_Captioned web image data_:
■ ■ ■ ■
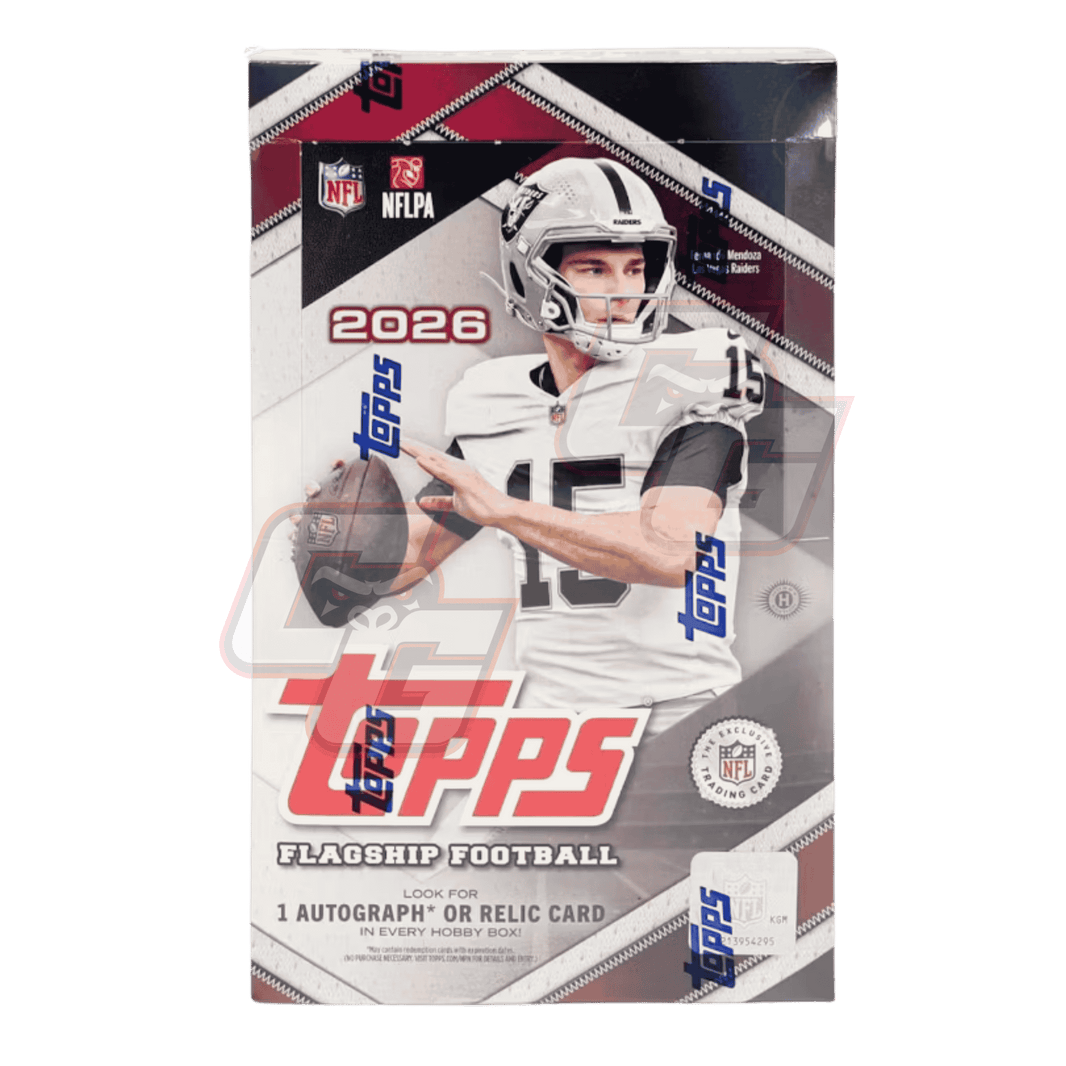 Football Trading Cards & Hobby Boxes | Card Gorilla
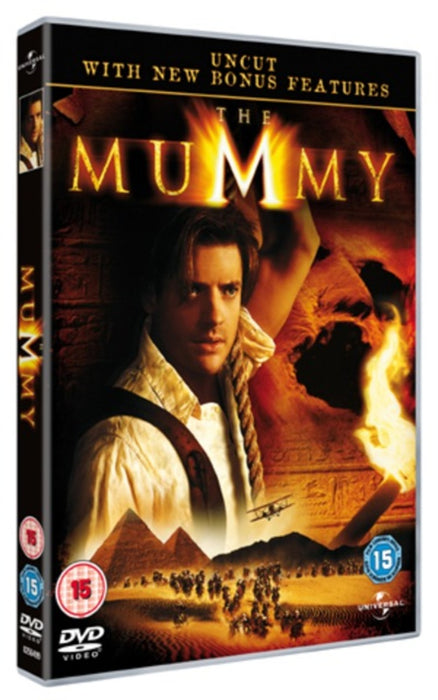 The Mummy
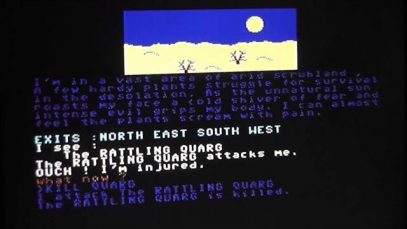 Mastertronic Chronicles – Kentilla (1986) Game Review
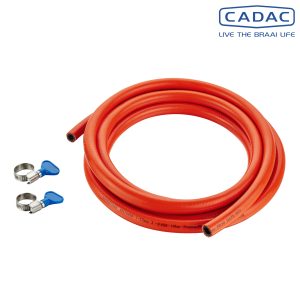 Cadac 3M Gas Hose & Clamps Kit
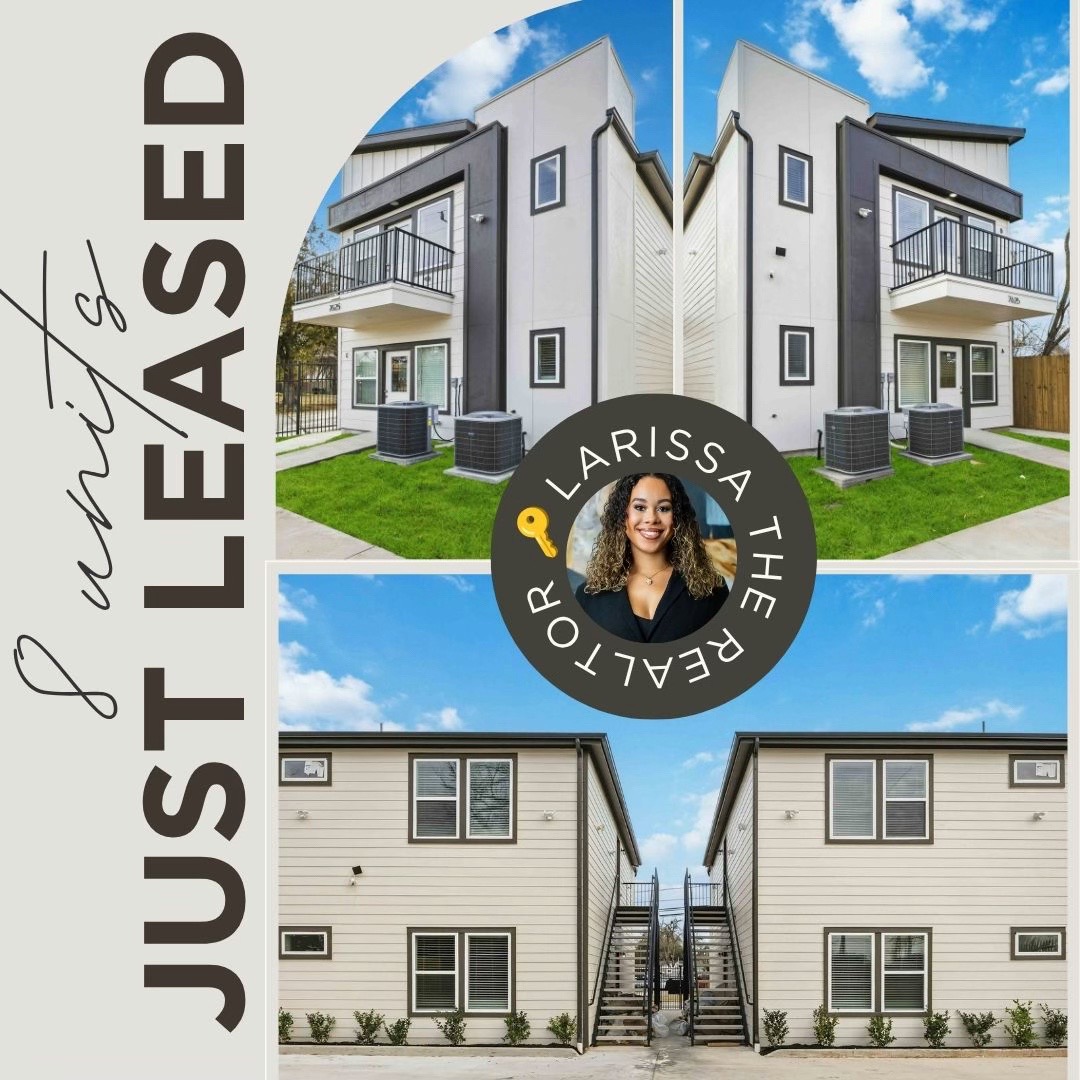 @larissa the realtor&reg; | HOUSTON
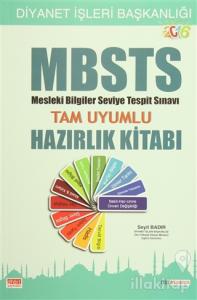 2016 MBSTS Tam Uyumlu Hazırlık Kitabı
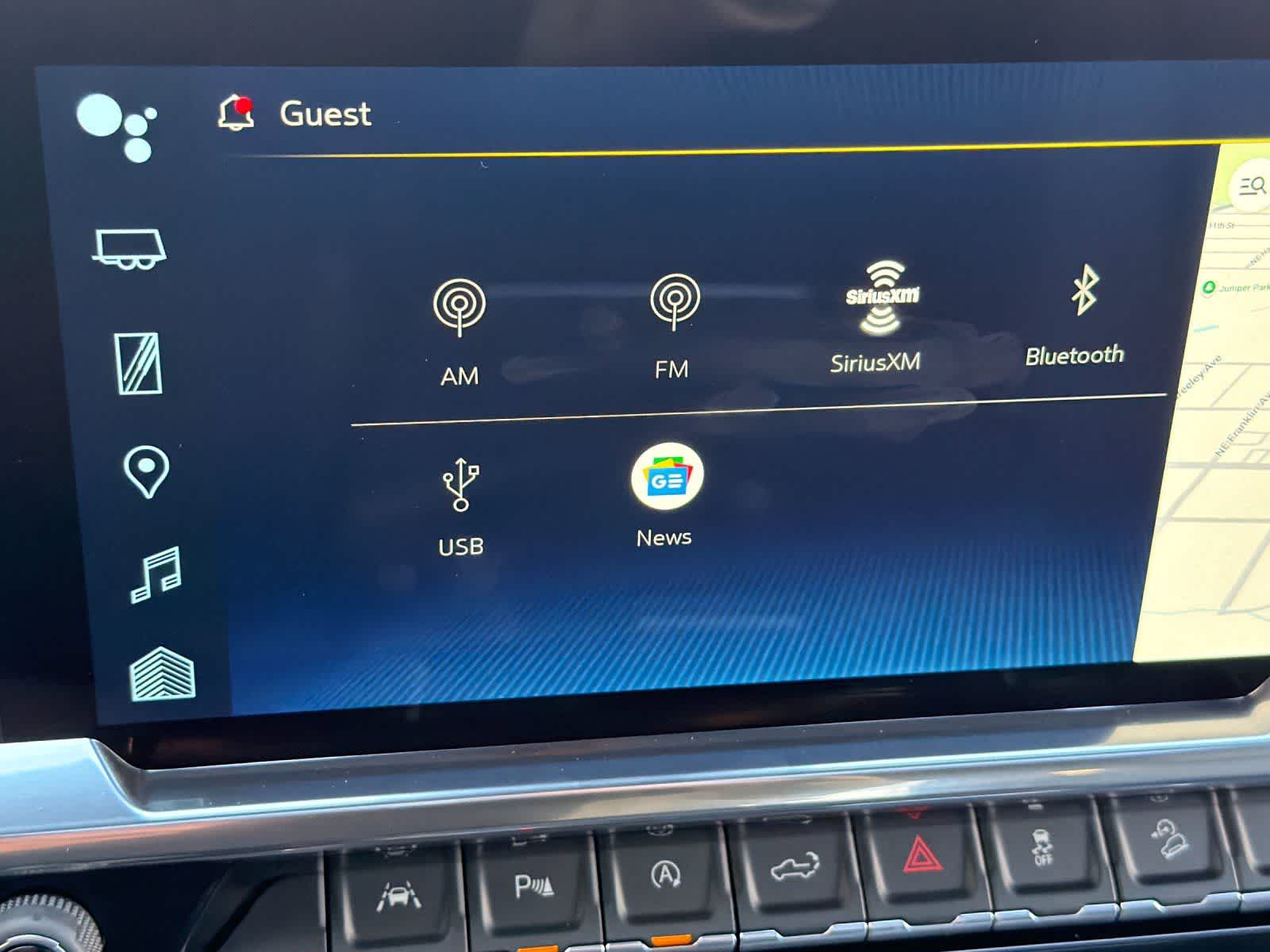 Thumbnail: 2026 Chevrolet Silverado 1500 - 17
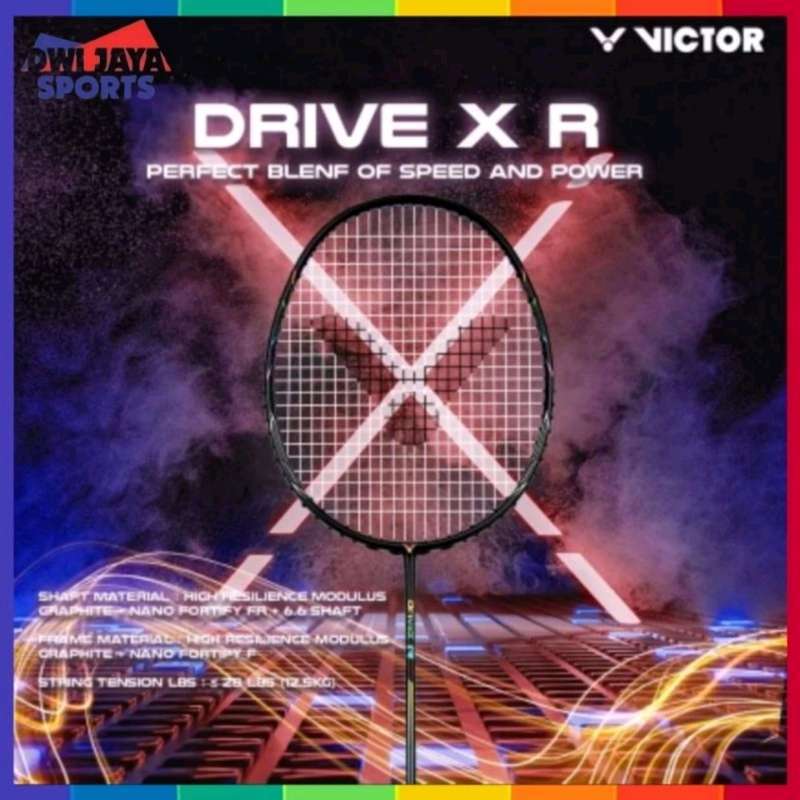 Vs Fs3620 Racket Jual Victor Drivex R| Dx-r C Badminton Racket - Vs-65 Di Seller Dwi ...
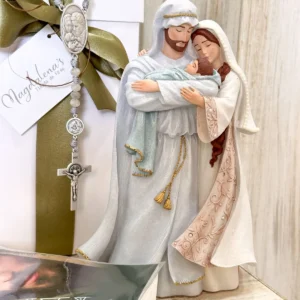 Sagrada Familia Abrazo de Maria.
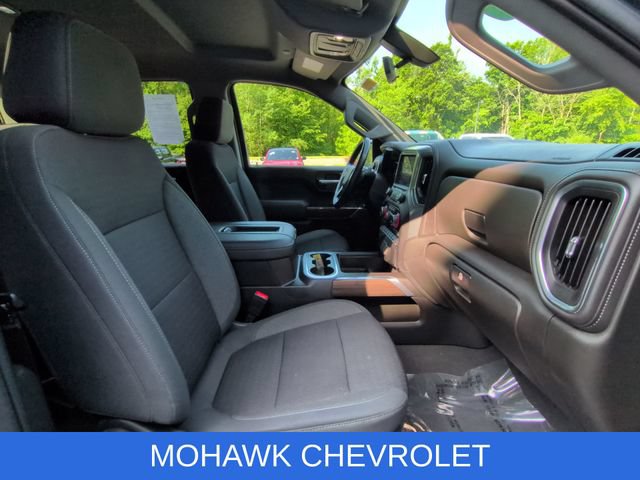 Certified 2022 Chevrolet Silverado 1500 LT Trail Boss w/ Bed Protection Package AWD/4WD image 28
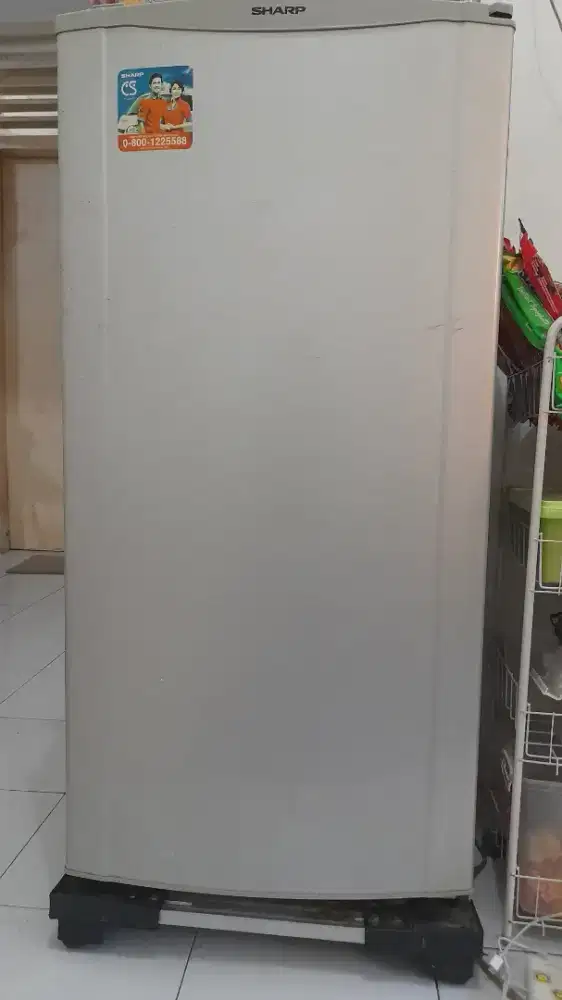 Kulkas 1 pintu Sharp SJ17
■ ■ ■ ■
_Task instructions_: The copy you output must match the entries above exactly, except that it has no pictures.

_Written reply_:
 Football Trading Cards & Hobby Boxes | Card Gorilla
 The Mummy
 Mastertronic Chronicles – Kentilla (1986) Game Review
 Cadac 3M Gas Hose & Clamps Kit
 @larissa the realtor&reg; | HOUSTON
 2016 MBSTS Tam Uyumlu Hazırlık Kitabı
 Thumbnail: 2026 Chevrolet Silverado 1500 - 17
 Vs Fs3620 Racket Jual Victor Drivex R| Dx-r C Badminton Racket - Vs-65 Di Seller Dwi ...
 Sagrada Familia Abrazo de Maria.
 Certified 2022 Chevrolet Silverado 1500 LT Trail Boss w/ Bed Protection Package AWD/4WD image 28
 Kulkas 1 pintu Sharp SJ17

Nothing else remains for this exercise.